I had a feeling that I was playing with idiots, and I felt like an idiot myself, but through resentment and despair, I consciously accepted those deliberately narrow-minded and humiliating rules. All these simple, but artificial tricks with posing, the very fact of my attempts to mimic something, the invention of marketing strategies, as if I am trying to sell useless shit and present it in a favorable light, of course, led me to a lot of insecurities and a complete lack of feeling sexually attractive.
So when I first approached the darkroom in Kiev, I was horrified, I was very afraid of being rejected. I remembered myself when I was younger, my first trips to Europe, how confident I felt in such situations, and many things that I had done then. And now, after a while, when I stood in the Kiev club in front of the darkroom, those things seemed to me just crazy. Now there was only an enormous fear of rejection. It seemed that if I touched someone and he did not touch me in return, I would simply evaporate out of shame, I wouldn’t even be able to get out of there, I would simply cease to physically exist.
But there were no reasons for this. The darkroom, like the rest of Kiev, lived by the same fantastic rules, and there was no need to use my mimicry skills. At first, each contact seemed accidental and probably the last one. Again, I had the feeling that I was deceiving people, it seemed to me that all this was happening to me only because people could not see in the dark that I did not suit them (this thought amuses me a lot now, and I remember that even then it amused me so much with the absurdity of how much I deny that I’m attractive, that I could laugh out loud during the process, but it relaxed me a little, which can not be said about my lovers).
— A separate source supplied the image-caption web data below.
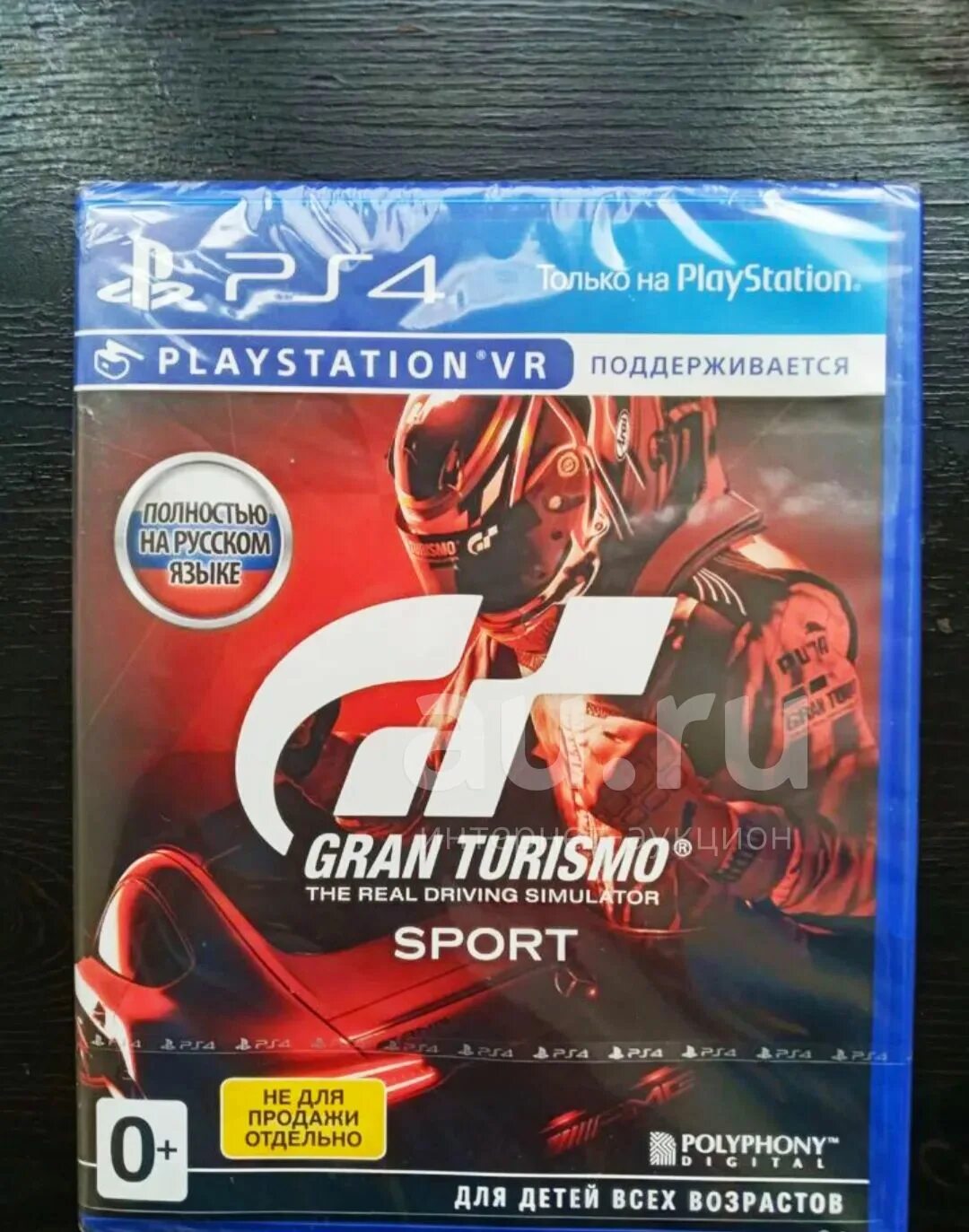 Gran Turismo Sport ps4. Новые игры на ps4. Игровая приставка с дисками. Диск для плейстейшен 4 Fighting DC.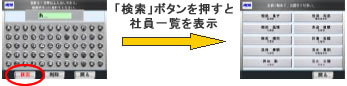 名前複数文字検索をする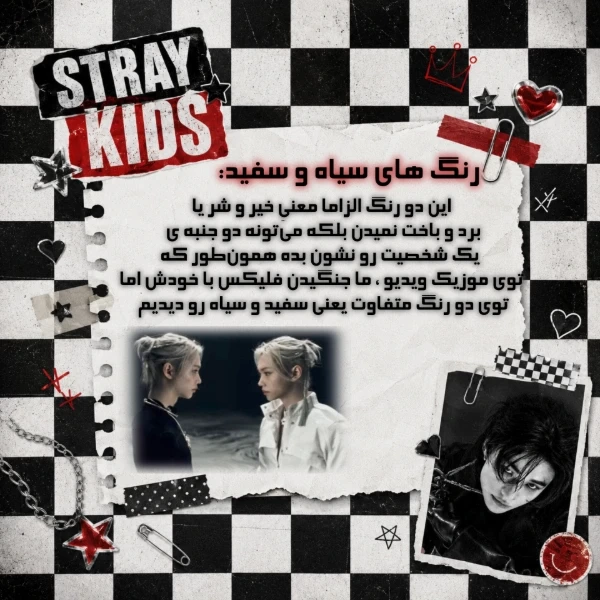 عکس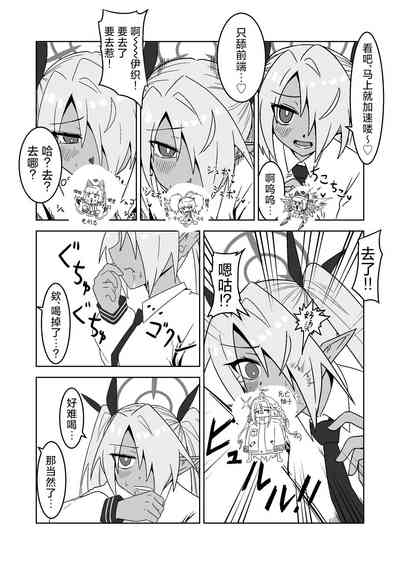 第12頁圖
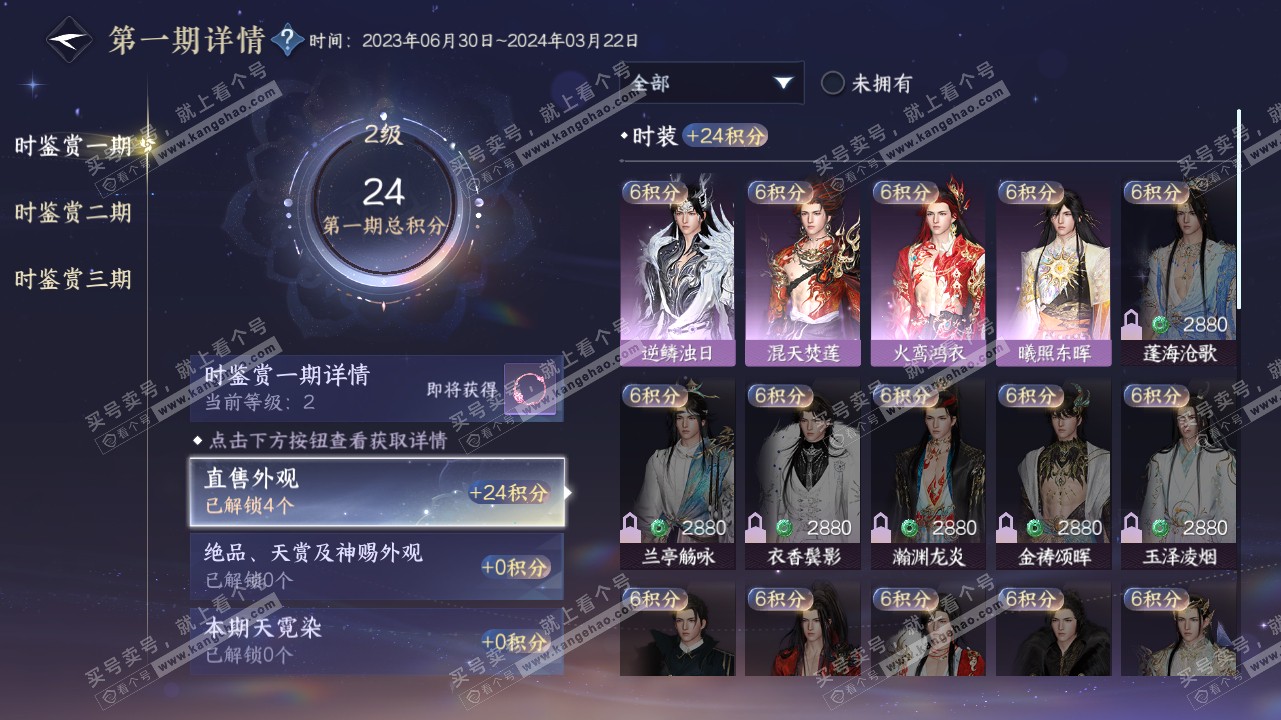 NSH315885逆水寒手游账号详情图12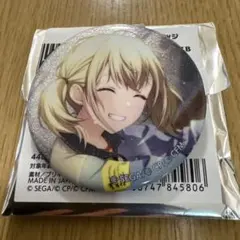2026年最新】小豆沢こはね 缶バッジの人気アイテム - メルカリ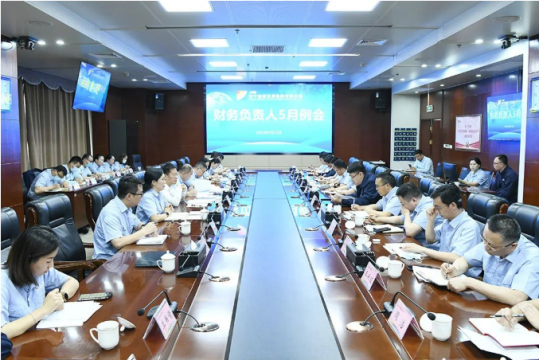 拼搏在线官方网站-拼搏（中国）
能源召开财务负责人月度工作例会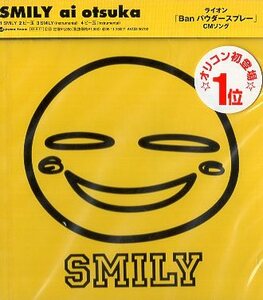 □ 大塚愛 [ SMILY / ビー玉 ] USED CD 即決 送料サービス ♪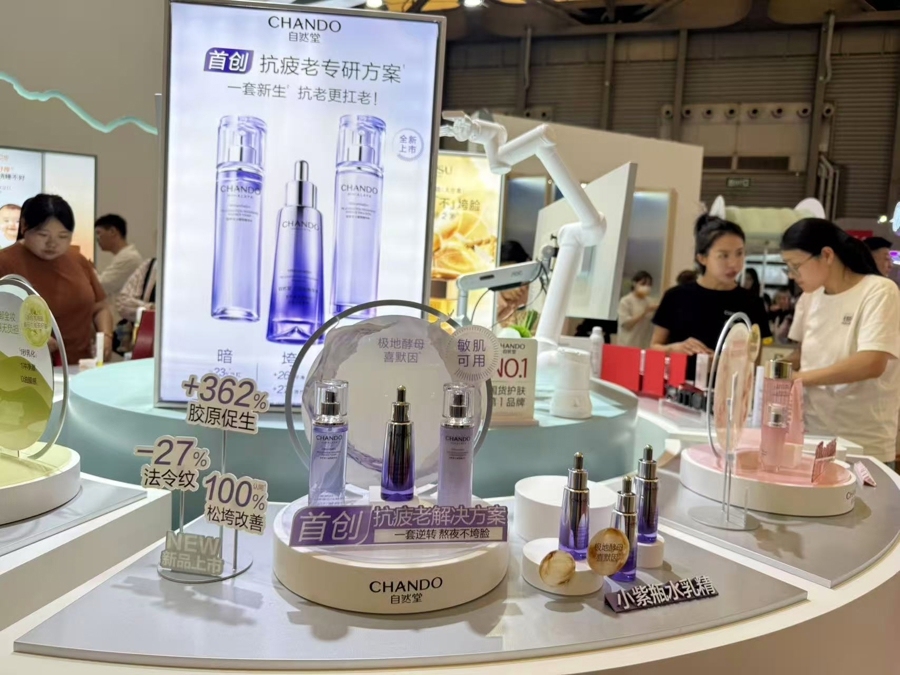 九游娱乐网站：上海拿下美妆第一城化妆品零售额占全国三分之一(图1)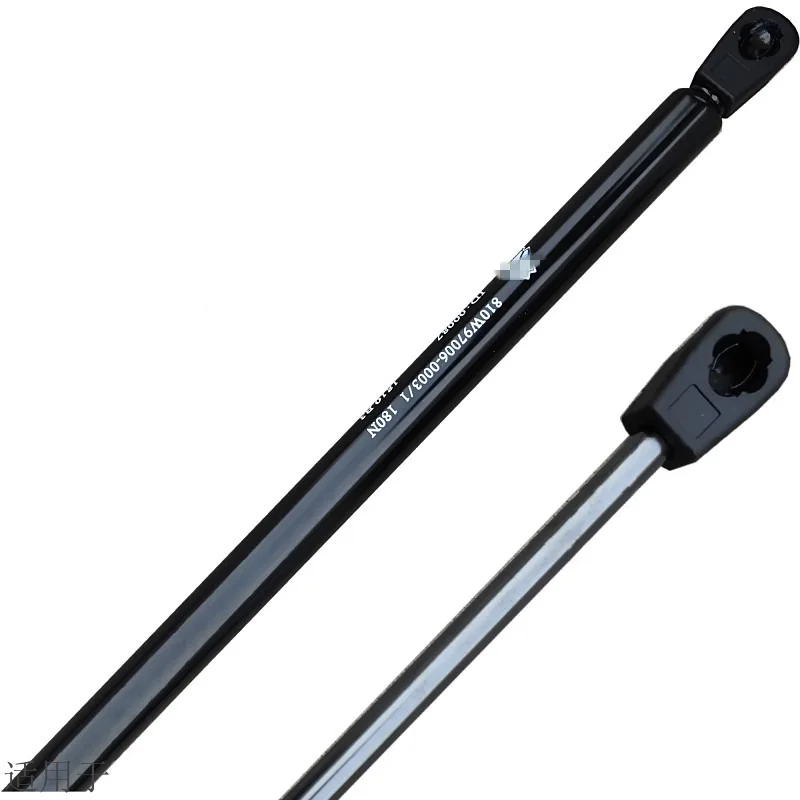 For CNHTC SINOTRUK Gas Spring Support Bolt 810W97006-0003 HOWO T5G SITRAK C7H Panel Support Rod Front Face Hydraulic Air Spring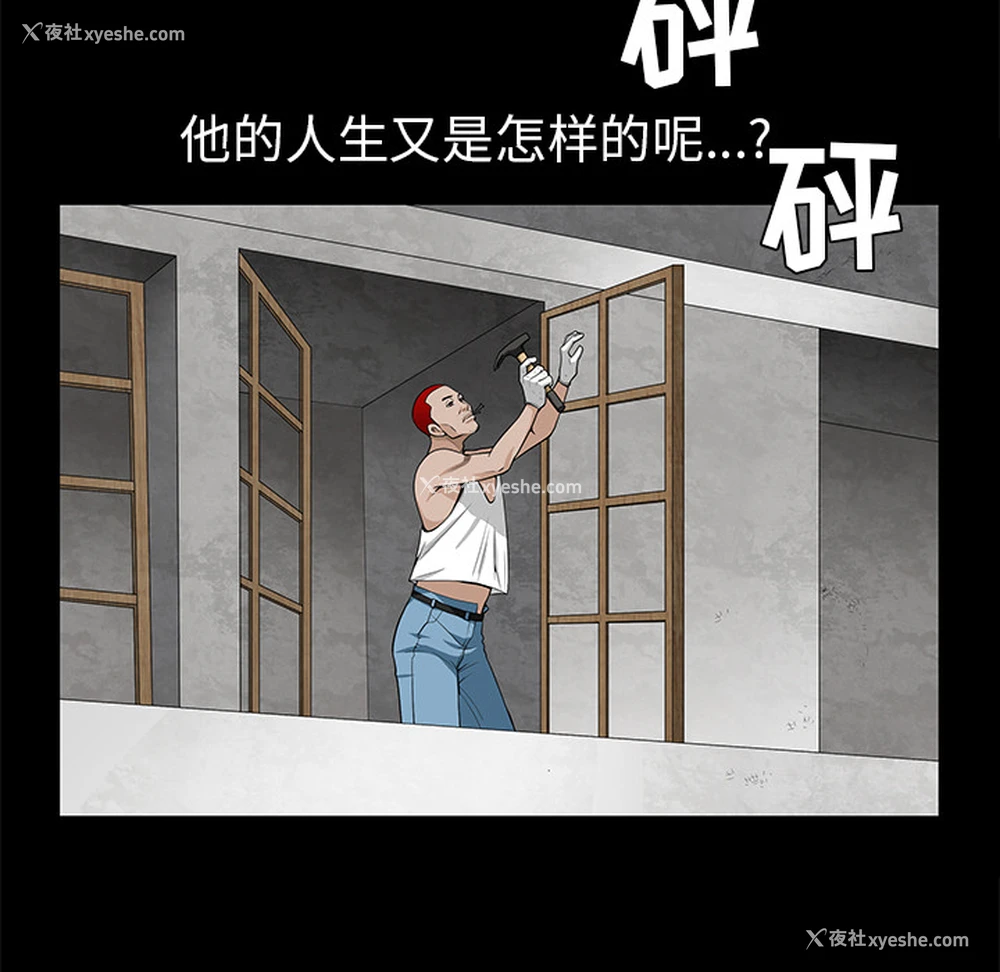 194P - 枷锁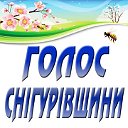 Голос Снігурівщини - Снигиревка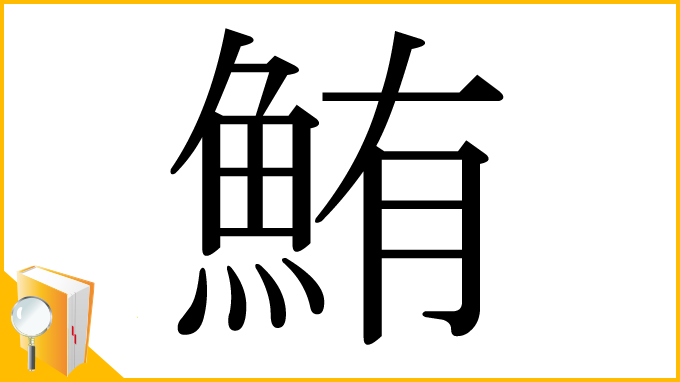 漢字「鮪」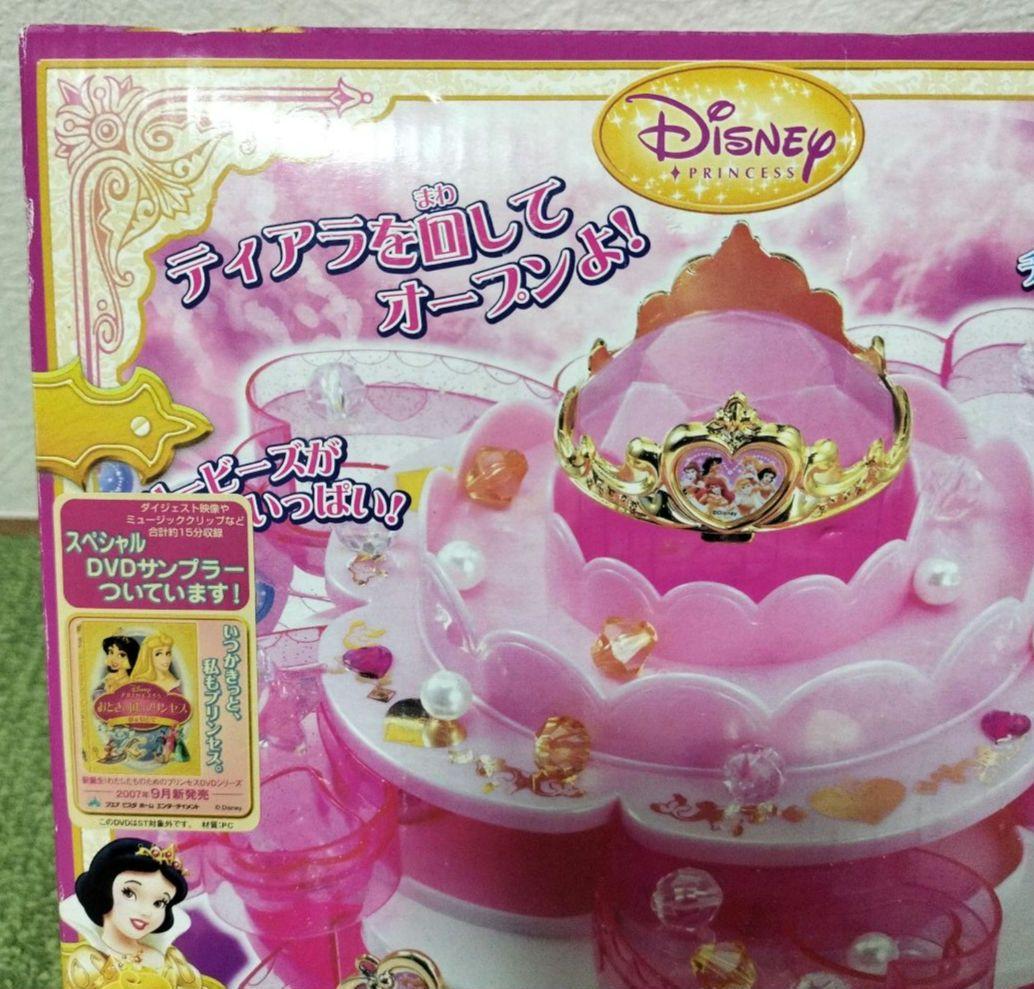 Takara Tomy Others Dvd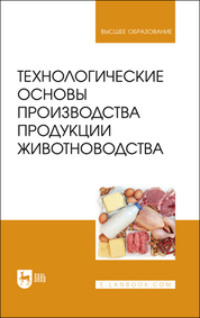 Технологические основы производства продукции животноводства. Учебное пособие для вузов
It was as if I had finally received a special pass to the bodies that I had not had access to before and that I could only look at in shop windows. I didn’t understand why they found me attractive, but at some point I gave myself permission to finally stop looking for a trick in everything.
With one of my anonymous lovers, we decided to continue communicating outside the darkroom walls. When we got into the light, I was assured that they didn’t choose me accidentally or by mistake. At the same time, I checked if I myself had gone mad and if I was grabbing just anyone available — any port in a storm. I can’t say that I needed sex as such, the main motivation was still to compensate for the negative experience that has accumulated in recent years in Minsk, and to return the feeling of my own sexual attractiveness.
Each time I came home from a club, I told my friends that I didn’t understand what was going on and why I was getting absolutely everything I wanted. But in a fairly short period of time, we started to discuss “why didn’t I get this before”, as I stopped perceiving my body as a bunch of things that can repel, and began to see it primarily as a bunch of things that can attract.
The last thing I expected when I went to Kiev was to deal closely with my relationship with my own body and its relationships with the bodies of other people. For the last six months in Belarus, I, like everyone else, had had more pressing problems whose solution was in priority. Nevertheless, the need for intensive study of the sexual sphere was obvious, and I am pleasantly surprised by such progress in this direction thanks to the hospitality of Kiev darkrooms.
I admit, that just as quickly as a disgruntled insecure caterpillar turned into a confident seducting butterfly, anonymous sex ceased to arouse any feelings in me, because, having regained a proper attitude to my body, I returned to a proper assessment of the motives for this sexual madness. But for the desire to satisfy my deeper needs, the darkroom turned out to be a good and, in my case, perhaps a necessary starting point.